(SUPPLIED DATA begins)

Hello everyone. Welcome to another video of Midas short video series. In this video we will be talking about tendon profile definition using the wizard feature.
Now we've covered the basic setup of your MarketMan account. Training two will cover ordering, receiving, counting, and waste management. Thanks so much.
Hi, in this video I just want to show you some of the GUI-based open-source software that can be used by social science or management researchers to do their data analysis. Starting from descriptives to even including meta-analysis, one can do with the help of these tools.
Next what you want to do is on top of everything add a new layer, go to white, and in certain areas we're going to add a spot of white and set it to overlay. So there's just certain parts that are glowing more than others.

(SUPPLIED DATA ends)
(SUPPLIED DATA begins)

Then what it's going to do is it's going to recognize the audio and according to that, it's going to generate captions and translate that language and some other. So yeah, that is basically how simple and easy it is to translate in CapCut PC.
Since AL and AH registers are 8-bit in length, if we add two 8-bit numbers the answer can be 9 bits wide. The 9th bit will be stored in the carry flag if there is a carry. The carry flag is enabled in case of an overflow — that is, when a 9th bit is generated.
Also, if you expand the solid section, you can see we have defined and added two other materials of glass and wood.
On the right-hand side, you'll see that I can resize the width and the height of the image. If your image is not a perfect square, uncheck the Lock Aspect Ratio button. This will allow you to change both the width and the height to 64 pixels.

(SUPPLIED DATA ends)

* [EXERCISE PROMPT]:
The lines you need are those with the word "there"; list them from the entries.

* [THE ANSWER]:
Next what you want to do is on top of everything add a new layer, go to white, and in certain areas we're going to add a spot of white and set it to overlay. So there's just certain parts that are glowing more than others.
Since AL and AH registers are 8-bit in length, if we add two 8-bit numbers the answer can be 9 bits wide. The 9th bit will be stored in the carry flag if there is a carry. The carry flag is enabled in case of an overflow — that is, when a 9th bit is generated.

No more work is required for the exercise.